Refseq gene list - Githubissues

broadinstitute / ABC-Enhancer-Gene-Prediction

Cell type specific enhancer-gene predictions using ABC model (Fulco, Nasser et al, Nature Genetics 2019)

MIT License

202 stars 61 forks source link

Refseq gene list #61

Open yussufhajjaj opened 3 years ago

yussufhajjaj commented 3 years ago

Dear All,

I want to use the Ensemble gene list instead of refseq with hg38 assembly, is there a way to create a similar file as yours with the TSS being the largest region that contains all possible isoforms of a certain gene? and thanks in advance.

Best Regards,

Yussuf

nttg8100 commented 2 years ago

The key principle that they used is look at what is the most common TSS between serveral transcripts of a gene. Then, it will be the TSS of this one. I try to do the similar thing with same version refseq but can not cover 100% what they have in Chr22 as example. It miss some part due to the fact that there may not have the only largest but may have 2 or even 3. It is a big deal, you have to choose one but they did not mention how to do it next. Hope my comment help you a liitle.
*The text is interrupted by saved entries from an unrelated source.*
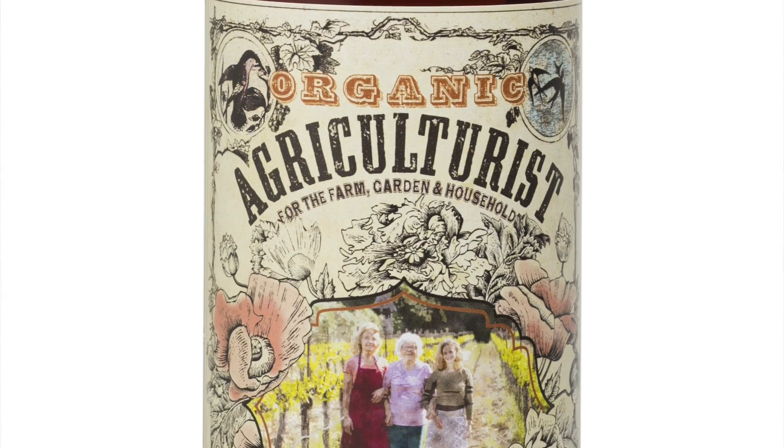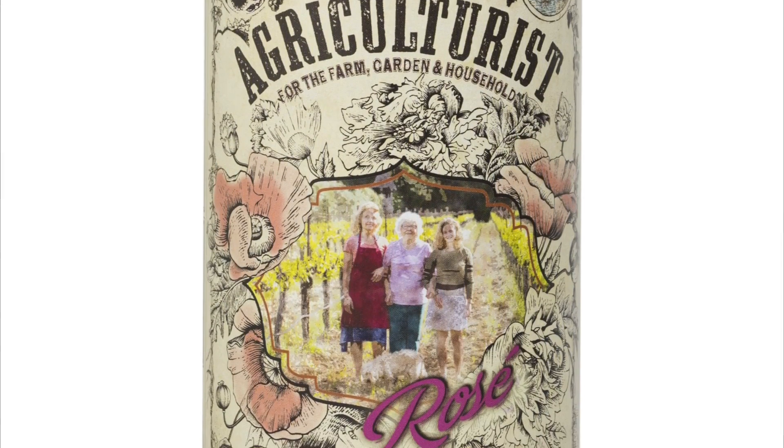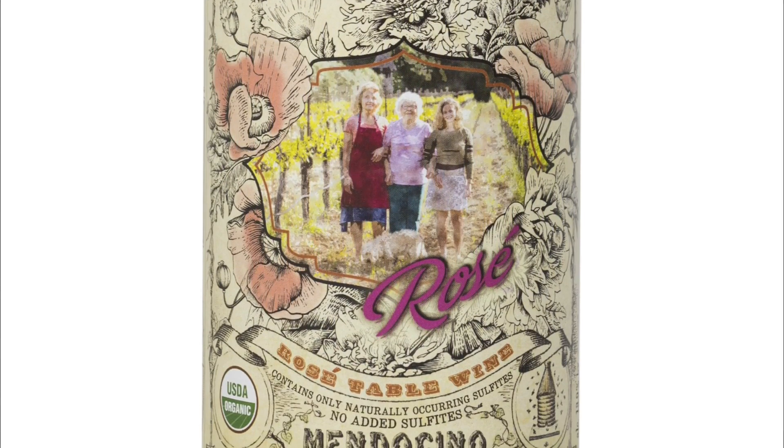This wine is the Organic Agriculturalist Rosé. It is a light-bodied rosé, great for summertime as a cocktail wine. It pairs well with spicy barbecue or any kind of Asian food, lemongrass.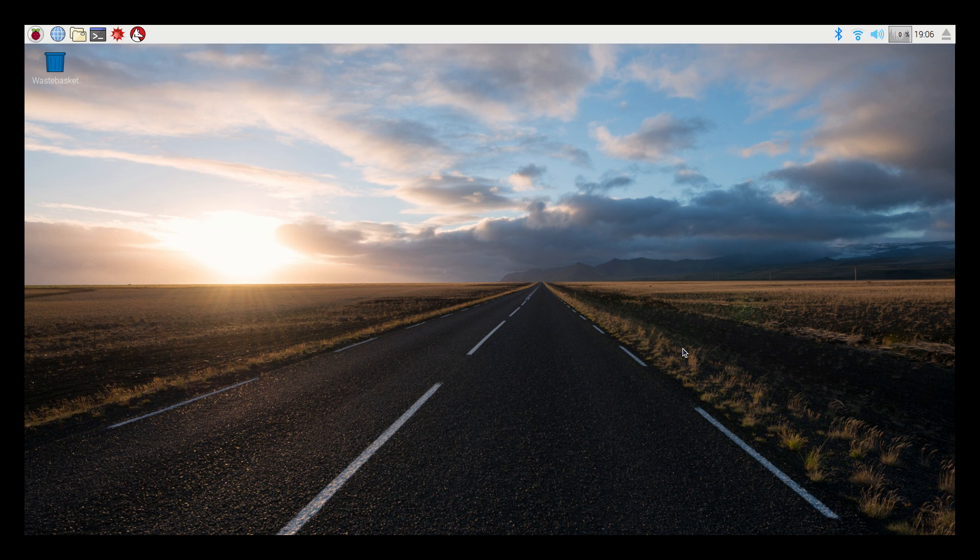Hey, what's going on guys? It's ETA Prime back here again. Today I am running the newest version of Raspbian powered by Pixel. This is available on raspberrypi.org — I'll leave a link in the description.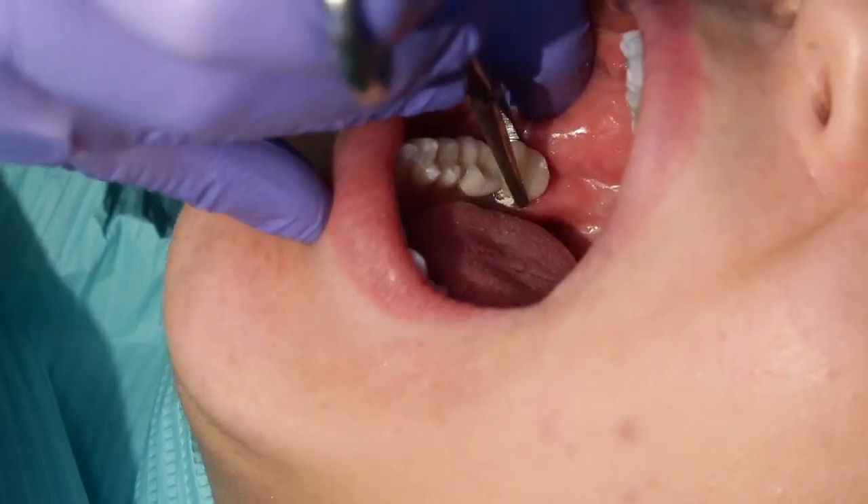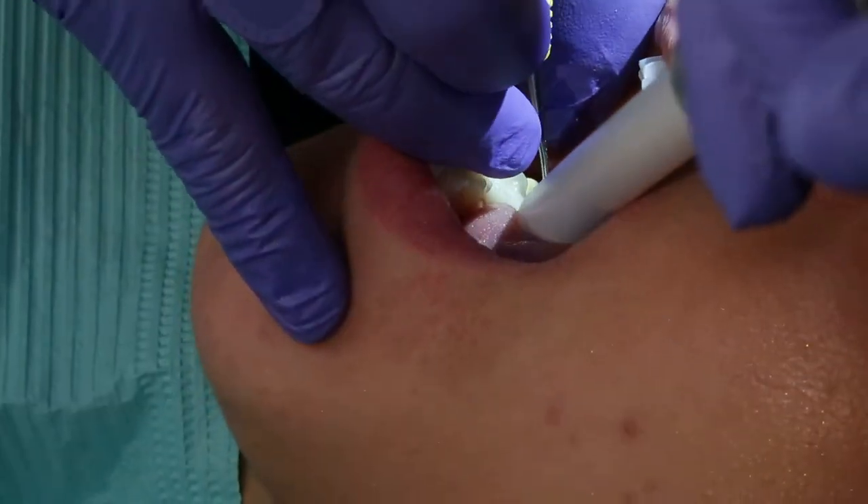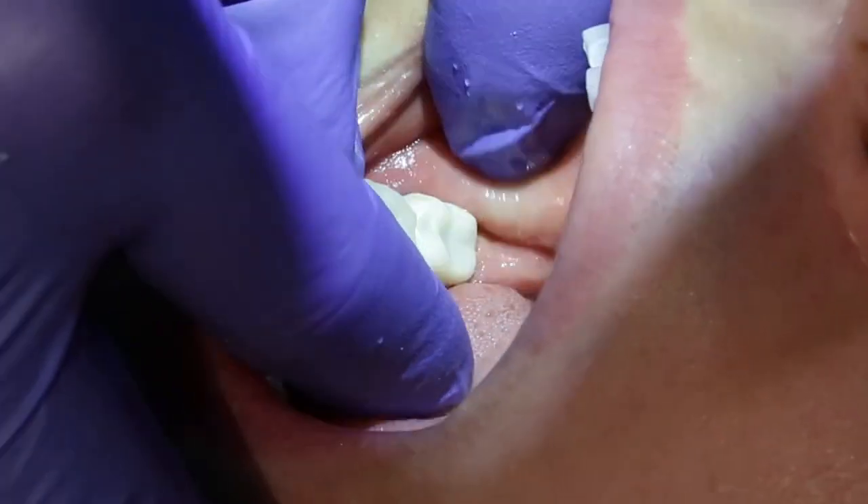When the patient returns to receive their final crown, remove the provisional and clean the tooth surface of any residual cement. Try in the crown and make any adjustments needed.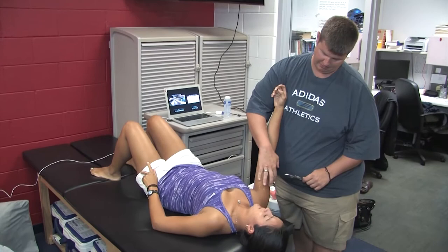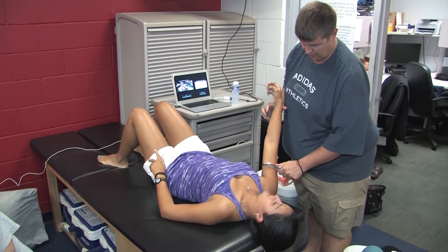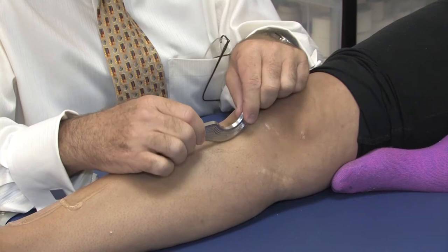A lot of our throwers end up getting some bicep pain or lateral bicep pain. We're going to have her come from flexion down to extended position, and we're just going to sweep right through. I can come through here and pivot through the tissue. I can use two hands, coming both ways.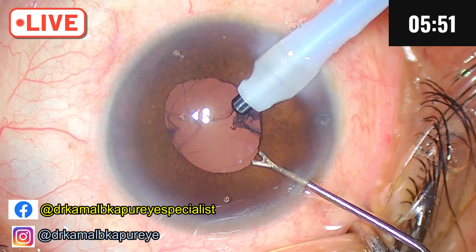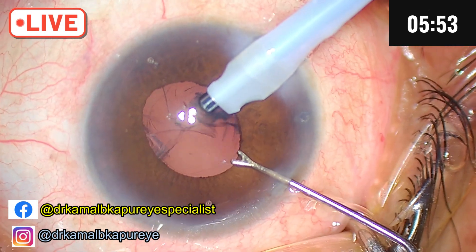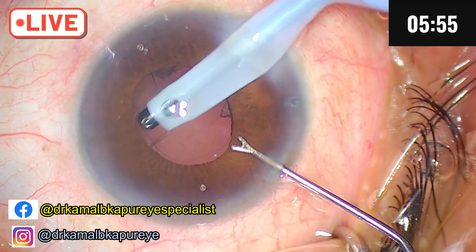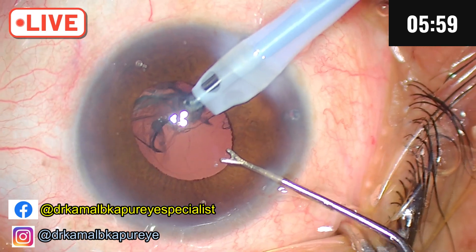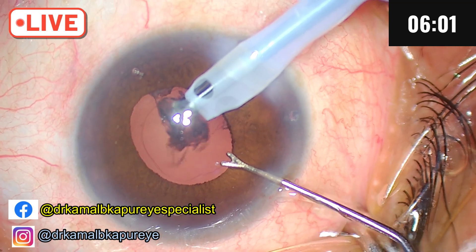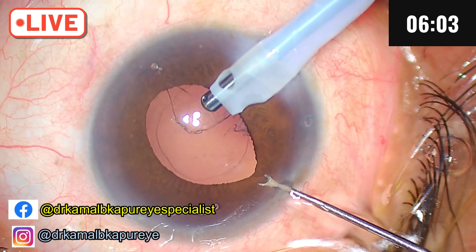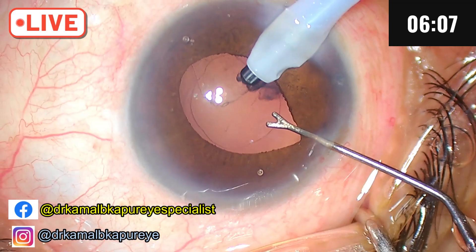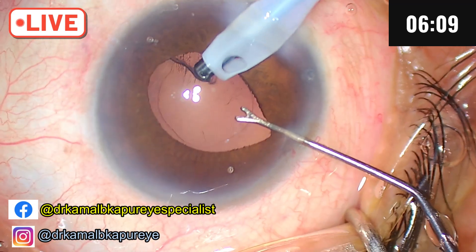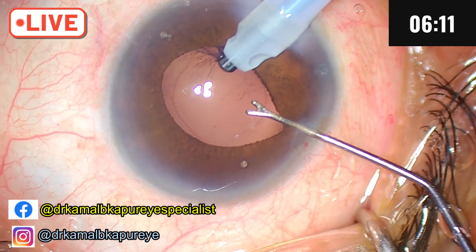I will keep dipping my side port so as to maintain a constant flow of fluid so that the IOP does not go up. Whenever I feel I am going to be stopping, it's a bit tricky to operate such cases because I am operating at a low bottle height. The patient has a compromised, advanced glaucomatous optic nerve.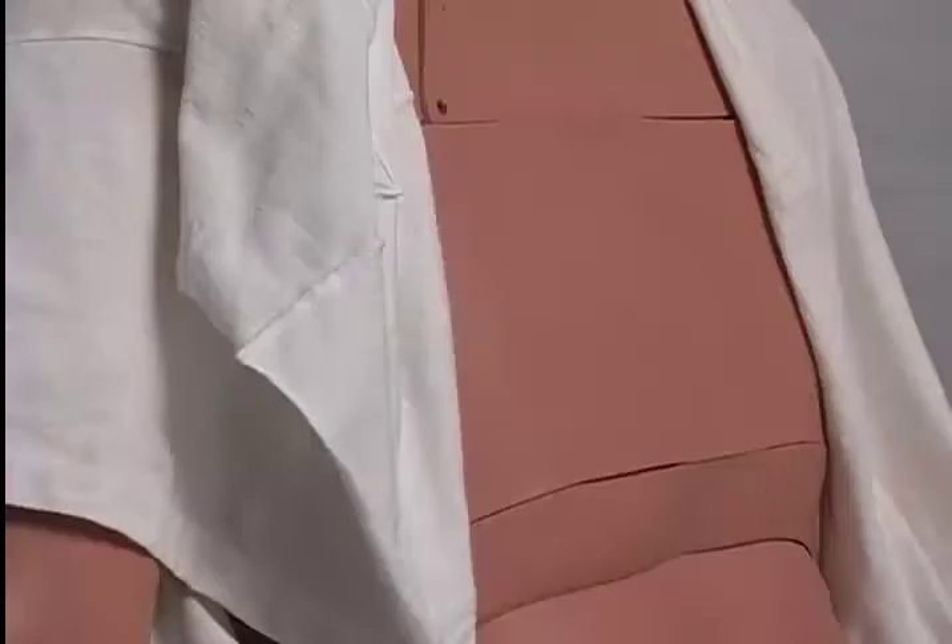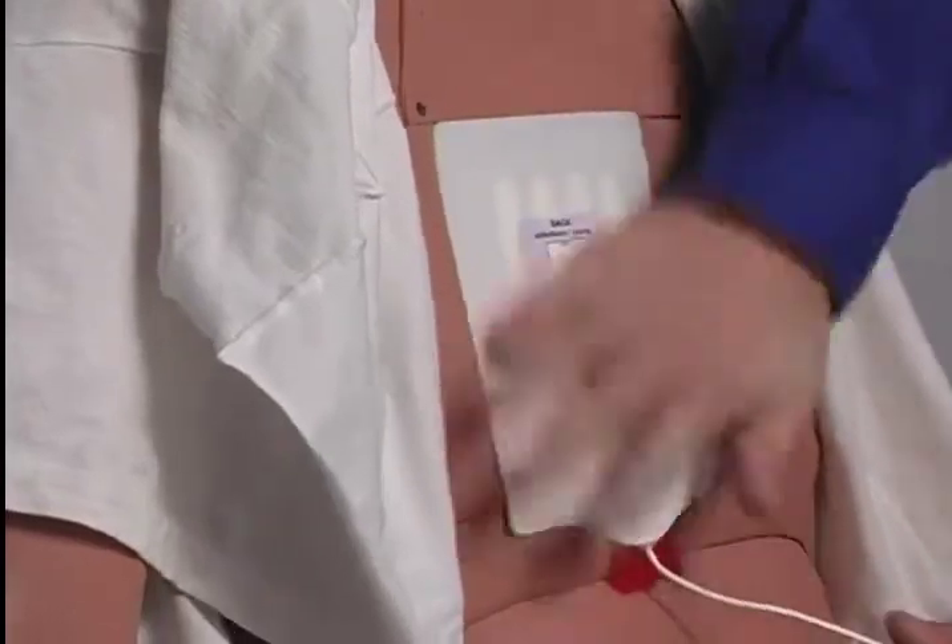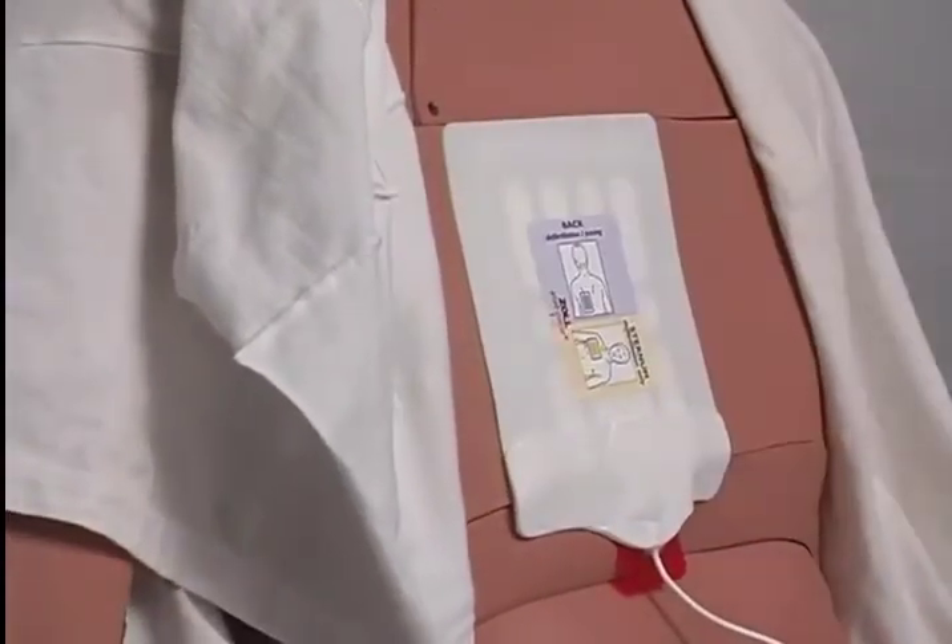Defibrillation pads should be applied according to local protocol. If anterior-posterior is the preferred placement, the back pad should be placed while the patient is sitting up or prior to being rolled onto the board. If apex sternum is standard, both pads should be applied after the patient is placed on the board.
yussufhajjaj commented 2 years ago

Hi Thah,

I already used the Ensemble canonical track, in which they provide one TSS per gene depending on it to be the most conserved and highest expressed transcript for a gene in the different tissues. It works well for me, you might need to remove some gene types like pseudogenes and etc. It was nice from you to remind to drop a comment here, I totally forgot to update the issue. Thanks.

jxcao98 commented 10 months ago

Hi, In the canonical track, is the ISS position the start position of the transcript labeled as Ensembl_canonical in the gtf file?